I spent most of the day chasing after Owen, who decided that he was hard of hearing and insisted on running toward the archery range or several yards away to find whichever one of us was missing. Therefore, though I'd brought several things to work on, I didn't work on any of them (except for a few stitches on a German brick stick I've had kicking around for a long time now.)
I did, however, discover a few things about the garb I'd worked on all week.
First, the lavender hose worked well (though my leather garters had an issue by the end of the day.) I did have a few instances when the seam at the bottom bothered me as I walked. I didn't get a blister, but I think that was pure luck. I did not finish the seams on the hose, and that was no doubt the issue. I think I may just go back in and tack the seam allowance down at the seam to keep it from bunching up. The wool hose probably won't have that same problem, but it's made me re-think going with the full sole instead to avoid the seam under the foot altogether. I wasn't able to get my black hose cut out before going, which is a good thing now. I'll need to go back to the drawing board on the pattern.
I was pretty accurate about the starching on the fretwork veil. I did not have an opportunity to re-starch it, so I knew that the center was going to collapse. By about 2 the very center 2 inches had completely flattened. By the end of the day, the rest of it was still open, but was no longer stiff. If it had been more humid, I'm sure they would have collapsed more. I think the issue was two fold. I did not lay on a thick enough layer of starch in the center and I think the starch needs to be more concentrated. If I put the liquid back on the stove and boiled it down a bit, that might do the trick.
I also wore the huvet under the veil. It was perfect. The bumps did effect the way the veil draped from the top of my head, but I'm probably the only person that noticed. I'm glad I finally upgraded. Since I didn't get my wool hose cut out, I cut out my second huvet attempt. I redrew the curve of my head with some chalk, then double checked it using my 15-minute huvet (which I know is right) before cutting out. So that's the project on my plate right now.
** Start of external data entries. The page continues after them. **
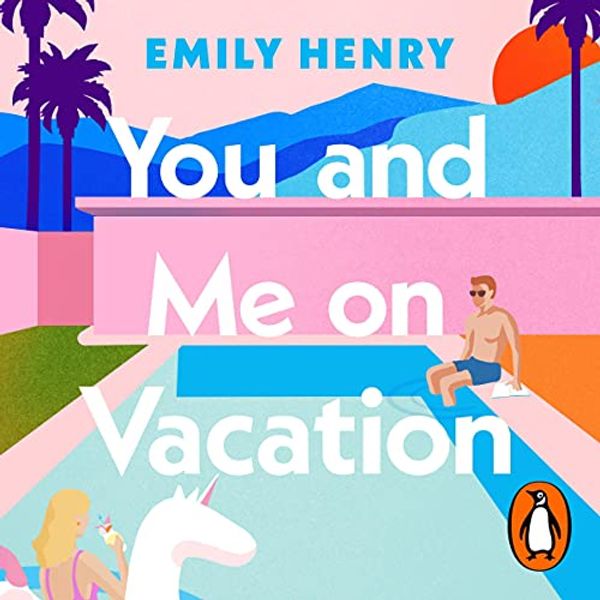 Cover Art for B08TRKL8FN, You and Me on Vacation by Emily Henry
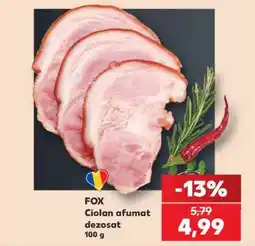 Kaufland FOX Ciolan afumat dezosat 100 g Ofertă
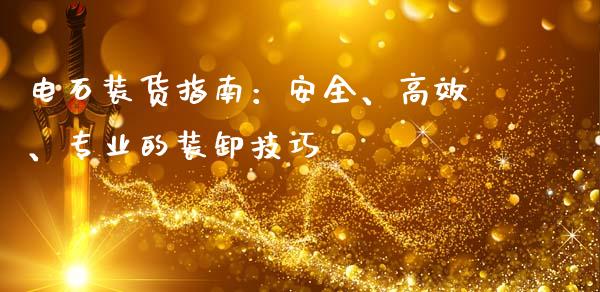 电石装货指南：安全、高效、专业的装卸技巧_https://www.zcsm.com.cn_期货培训_第1张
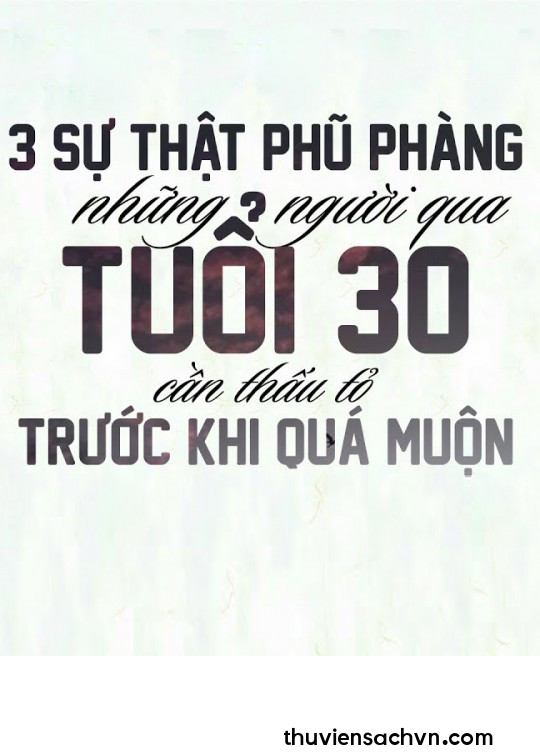 BA SỰ THẬT PHŨ PHÀNG NHỮNG NGƯỜI QUA TUỔI 30 CẦN THẤU TỎ TRƯỚC KHI QUÁ MUỘN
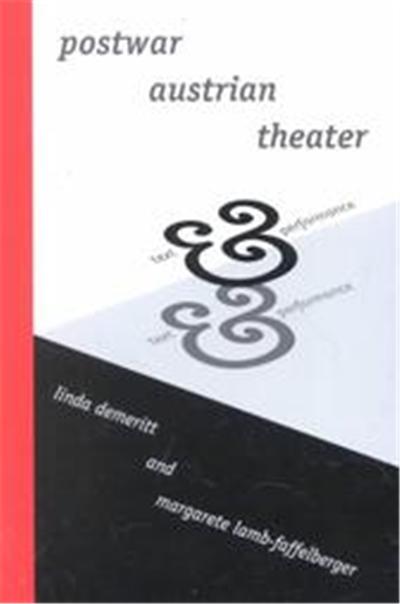 Postwar Austrian Theater, Studies in Austrian Literature, Culture, and Thought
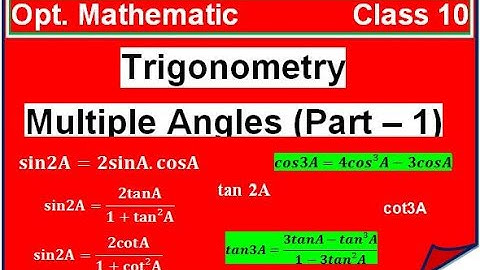 Trigonometry Class 10 || Opt. Mathematics || Trigonometric Ratios of Multiple Angles || Part - 1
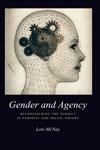 Gender and Agency Reconfiguring the Subject in Feminist and Social Theory,0745613497,9780745613499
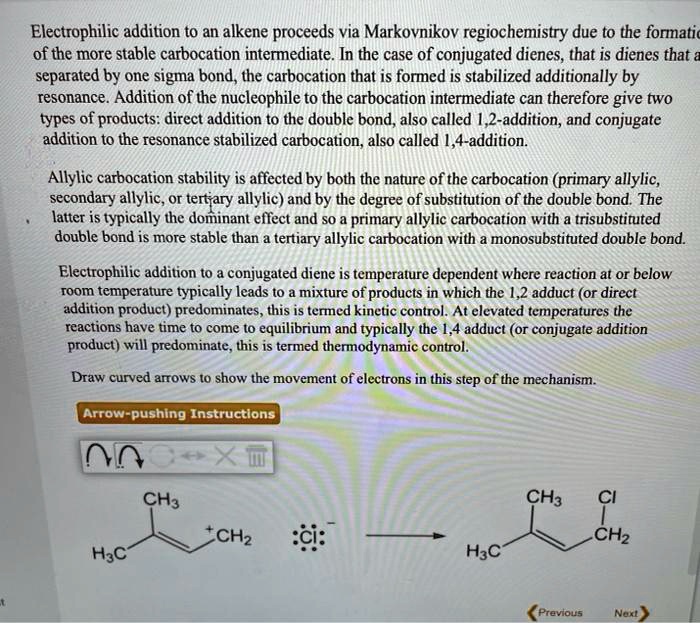 Electrophilic addition to an alkene proceeds via Markovnikov regiochemistry due to the formation of the more stable carbocation intermediate. In the case of conjugated dienes, that is dienes that are separated by one sigma bond, the carbocation that is formed is stabilized additionally by resonance. Addition of the nucleophile to the carbocation intermediate can therefore give two types of products: direct addition to the double bond, also called 1,2-addition, and conjugate addition to the resonance stabilized carbocation, also called 1,4-addition.

Allylic carbocation stability is affected by both the nature of the carbocation (primary allylic, secondary allylic, or tertiary allylic) and by the degree of substitution of the double bond. The latter is typically the dominant effect and so a primary allylic carbocation with a trisubstituted double bond is more stable than a tertiary allylic carbocation with a monosubstituted double bond.

Electrophilic addition to a conjugated diene is temperature dependent where reaction at or below room temperature typically leads to a mixture of products in which the 1,2 adduct (or direct addition product) predominates, this is termed kinetic control. At elevated temperatures the reactions have time to come to equilibrium and typically the 1,4 adduct (or conjugate addition product) will predominate, this is termed thermodynamic control.

Draw curved arrows to show the movement of electrons in this step of the mechanism.

Arrow-pushing Instructions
The sideless surcoat was nice. It's a little long, but I think a quick turn under on the hem will fix that. The top kind of had a mind of its own, but I don't think that would have been a problem if I were wearing a different dress. The neckline on my black dress is so wonky, if the surcoat wasn't centered on my shoulders everything looked off. It will be a nice piece of garb, though, during my pregnancy, since it's pretty accommodating.
Not sure what event I'll be going to next, so I'm going to go back to my regular pace for at least a bit. I'm still working on the hose, but since I have the huvet cut out, that's probably the main project I'll be working on. At least until I see something shiny.